Why rate-capping bill will delay the AIB share sale
With politicians set to foist rate-setting powers on the Central Bank that it doesn't want, the prospect of an AIB sale recedes further
Published 29/05/2016 | 02:30
Last Tuesday, AIB's shareholders gathered for the bank's AGM. Chairman Richard Pym told them that 2015 had been "a decisive year" and that last December's repayment of €1.7bn of capital to the State "paves the way" for the State to sell some of its AIB shareholding.
The Strategic Investment Fund, the body which holds the State's bank shareholdings, valued the State's AIB shareholding at €11.7bn at the end of March - and the newly minted Programme for Government envisages a sale of at least some of the State's shareholding in the bank during the lifetime of the curent Government.

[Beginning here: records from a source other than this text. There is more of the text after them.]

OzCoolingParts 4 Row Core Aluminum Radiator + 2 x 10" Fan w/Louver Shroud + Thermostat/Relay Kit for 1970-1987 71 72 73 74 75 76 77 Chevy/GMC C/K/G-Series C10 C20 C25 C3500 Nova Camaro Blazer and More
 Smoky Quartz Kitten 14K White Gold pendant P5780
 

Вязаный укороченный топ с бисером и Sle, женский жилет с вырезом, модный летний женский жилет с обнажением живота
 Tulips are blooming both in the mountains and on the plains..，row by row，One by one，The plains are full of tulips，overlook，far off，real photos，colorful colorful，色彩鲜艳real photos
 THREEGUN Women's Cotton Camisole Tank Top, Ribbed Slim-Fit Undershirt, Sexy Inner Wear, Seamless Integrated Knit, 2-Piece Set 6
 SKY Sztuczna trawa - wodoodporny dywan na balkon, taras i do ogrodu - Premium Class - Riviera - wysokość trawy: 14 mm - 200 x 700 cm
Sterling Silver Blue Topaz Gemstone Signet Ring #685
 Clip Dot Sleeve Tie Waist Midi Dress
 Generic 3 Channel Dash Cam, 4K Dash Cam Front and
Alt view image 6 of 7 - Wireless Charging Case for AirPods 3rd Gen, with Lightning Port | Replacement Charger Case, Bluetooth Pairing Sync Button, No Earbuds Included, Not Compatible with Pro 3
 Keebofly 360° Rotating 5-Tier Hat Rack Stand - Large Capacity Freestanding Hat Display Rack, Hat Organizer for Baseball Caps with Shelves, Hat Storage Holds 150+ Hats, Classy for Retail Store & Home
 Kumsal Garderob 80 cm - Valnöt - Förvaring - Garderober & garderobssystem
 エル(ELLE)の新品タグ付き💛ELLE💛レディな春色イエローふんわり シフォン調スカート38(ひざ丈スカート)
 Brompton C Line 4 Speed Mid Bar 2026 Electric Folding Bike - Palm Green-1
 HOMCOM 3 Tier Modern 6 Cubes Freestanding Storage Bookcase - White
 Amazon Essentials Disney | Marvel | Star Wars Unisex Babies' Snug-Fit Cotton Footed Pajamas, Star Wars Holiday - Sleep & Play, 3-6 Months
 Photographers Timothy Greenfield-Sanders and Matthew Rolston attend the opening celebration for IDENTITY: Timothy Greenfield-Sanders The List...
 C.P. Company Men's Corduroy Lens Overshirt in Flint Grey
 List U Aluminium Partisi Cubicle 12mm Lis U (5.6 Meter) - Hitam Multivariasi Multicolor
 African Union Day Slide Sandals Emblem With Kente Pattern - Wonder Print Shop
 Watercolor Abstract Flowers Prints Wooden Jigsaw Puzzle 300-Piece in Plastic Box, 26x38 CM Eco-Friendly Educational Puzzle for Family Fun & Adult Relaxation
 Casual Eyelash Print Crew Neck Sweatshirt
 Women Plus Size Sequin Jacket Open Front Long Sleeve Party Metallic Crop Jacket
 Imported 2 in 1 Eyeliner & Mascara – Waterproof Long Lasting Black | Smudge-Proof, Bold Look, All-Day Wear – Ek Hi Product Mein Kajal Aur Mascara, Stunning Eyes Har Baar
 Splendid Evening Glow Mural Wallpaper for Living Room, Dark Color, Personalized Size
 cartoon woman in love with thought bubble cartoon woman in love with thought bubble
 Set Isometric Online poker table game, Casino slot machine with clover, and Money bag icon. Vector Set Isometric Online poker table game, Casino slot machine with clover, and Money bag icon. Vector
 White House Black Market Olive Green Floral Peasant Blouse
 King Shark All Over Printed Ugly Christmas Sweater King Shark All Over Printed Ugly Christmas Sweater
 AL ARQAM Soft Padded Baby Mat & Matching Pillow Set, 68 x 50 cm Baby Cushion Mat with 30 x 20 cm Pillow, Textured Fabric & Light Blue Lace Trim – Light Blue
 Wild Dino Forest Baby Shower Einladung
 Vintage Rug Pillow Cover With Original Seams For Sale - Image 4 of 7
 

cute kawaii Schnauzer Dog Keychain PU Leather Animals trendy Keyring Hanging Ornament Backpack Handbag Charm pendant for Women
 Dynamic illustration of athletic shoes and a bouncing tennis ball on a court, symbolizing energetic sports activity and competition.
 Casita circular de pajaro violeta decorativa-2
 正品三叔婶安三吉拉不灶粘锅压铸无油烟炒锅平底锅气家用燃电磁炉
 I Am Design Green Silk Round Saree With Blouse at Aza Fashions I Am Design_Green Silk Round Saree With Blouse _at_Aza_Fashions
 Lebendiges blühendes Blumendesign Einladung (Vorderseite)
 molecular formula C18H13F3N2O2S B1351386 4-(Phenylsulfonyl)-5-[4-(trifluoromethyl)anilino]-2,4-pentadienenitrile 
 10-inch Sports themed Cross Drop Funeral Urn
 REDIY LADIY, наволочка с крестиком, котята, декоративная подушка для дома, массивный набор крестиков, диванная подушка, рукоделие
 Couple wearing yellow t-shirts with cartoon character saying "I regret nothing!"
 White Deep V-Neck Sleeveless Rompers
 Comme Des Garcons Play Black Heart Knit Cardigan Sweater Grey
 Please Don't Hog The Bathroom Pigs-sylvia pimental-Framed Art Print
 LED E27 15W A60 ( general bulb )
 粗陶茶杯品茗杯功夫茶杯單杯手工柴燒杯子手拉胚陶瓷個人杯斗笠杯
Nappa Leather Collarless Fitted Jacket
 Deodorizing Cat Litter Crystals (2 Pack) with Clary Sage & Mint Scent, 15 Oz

However, the fall in the value of European bank shares, with the Stoxx index of European bank shares down by over 15pc since the beginning of the year, means that hopes of a sale of up to 25pc of AIB's shares later this year have had to be put on hold.
Speaking earlier this month, Minister for Finance Michael Noonan discounted the possibility of an AIB sale in the final quarter of this year. According to the Minister, such a sale is now more likely to occur in the first half of 2017 - if, he warned, "the market corrects" in the meantime.
While a delayed AIB sale will deprive the Government of a substantial windfall (some optimists pitching it as high as €3bn) in advance of a possible general election which could take place as early as next spring, it also avoids crystallising a loss on the €20.8bn that various governments were forced to pump into the bank since 2009 to keep it from going bust.
So how much is AIB worth? With only 0.1pc of its shares in public hands we can safely ignore the €18.7bn value implied by the current €6.90 share price - a figure which would make AIB the second most valuable Irish quoted company after CRH.
Even the Strategic Investment Fund's €11.7bn valuation strikes me as being way too optimistic.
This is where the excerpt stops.